Will customers accept it? This is an area in which I think the industry needs to do a better job communicating its message. We know customers prefer a speech solution over being on-hold, trying to figure out the DTMF menus, and problems associated with live agents, among other complaints. The Wall Street Journal, USA Today and other national media outlets in recent stories have attempted to equate the automation of customer self-service with poor service. However, in every survey I have seen customers prefer self-service for automating their inquiries and more quickly handling their transactions. A great example is the change of address notification solution implemented by National Grid. They report that 50% of their callers use the system, up from zero automation, which, at the end of the call, also offers customers an opportunity to buy a local newspaper subscription. National Grid took a major cost and turned it into a potential profit center and certainly improved their customer service.
So why are more companies not moving forward with purchases of speech solutions? Maybe it is something we heard during the 1992 presidential election campaign- Its the economy, stupid! Can anyone remember when we have experienced such a perfect storm of negative influences on the economy? I am stating the obvious, but in my conversations with potential buyers they generally cite economic issues, not the technology itself, as the major factor preventing them from making a speech investment.

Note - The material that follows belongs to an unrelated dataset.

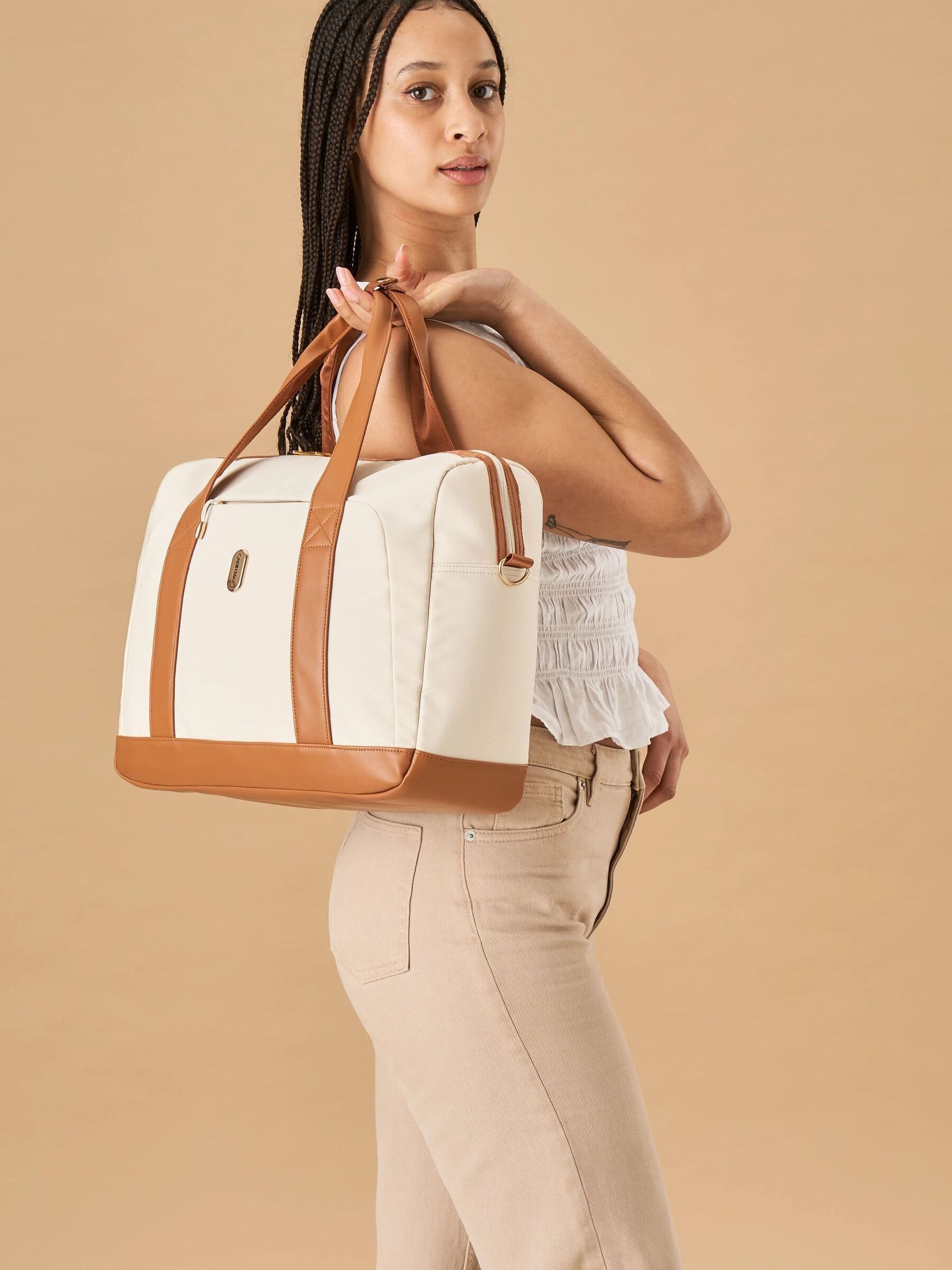 Cabin Max cream holdall underseat bag - UK version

In this edition of Speech Technology Magazine, we offer a few insights from leading opinion makers in this industry to some of the issues above. Dr. Bill Meisel offers his thoughts on a theory he proposes called- Conversational Marketing. Bill has been a leader in this industry for over 20 years and this article represents his thoughts on how the telephony VUI can go further and act as a new medium in marketingin keeping customers and finding new ones. Steve Chambers, chief marketing officer of SpeechWorks, offers his thoughts on why organizations wishing to achieve significant positive business results should develop a speech strategy.

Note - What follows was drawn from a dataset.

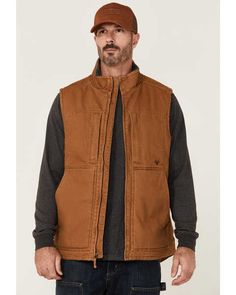 Hawx Mens Rust Copper Browder Weathered Duck Zip-Front Insulated Work Vest , Rust Copper Dream Gift, Sherpa Lined, Get Directions, Hand Warmers, Buy Online, Work Wear, Bomber Jacket, Copper, How To Wear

Lastly, I want to close this column by saying a thank you to Ron Croen who announced recently that he was moving from the CEO position at Nuance to chairman of the board. Ron has always spoken his mind and has certainly moved this industry forward. It is tough being the CEO of a young, publicly-traded, technology company today, and apparently Ron wants to take some time to move that creative mind of his in new directions. I wish him well in his new capacity.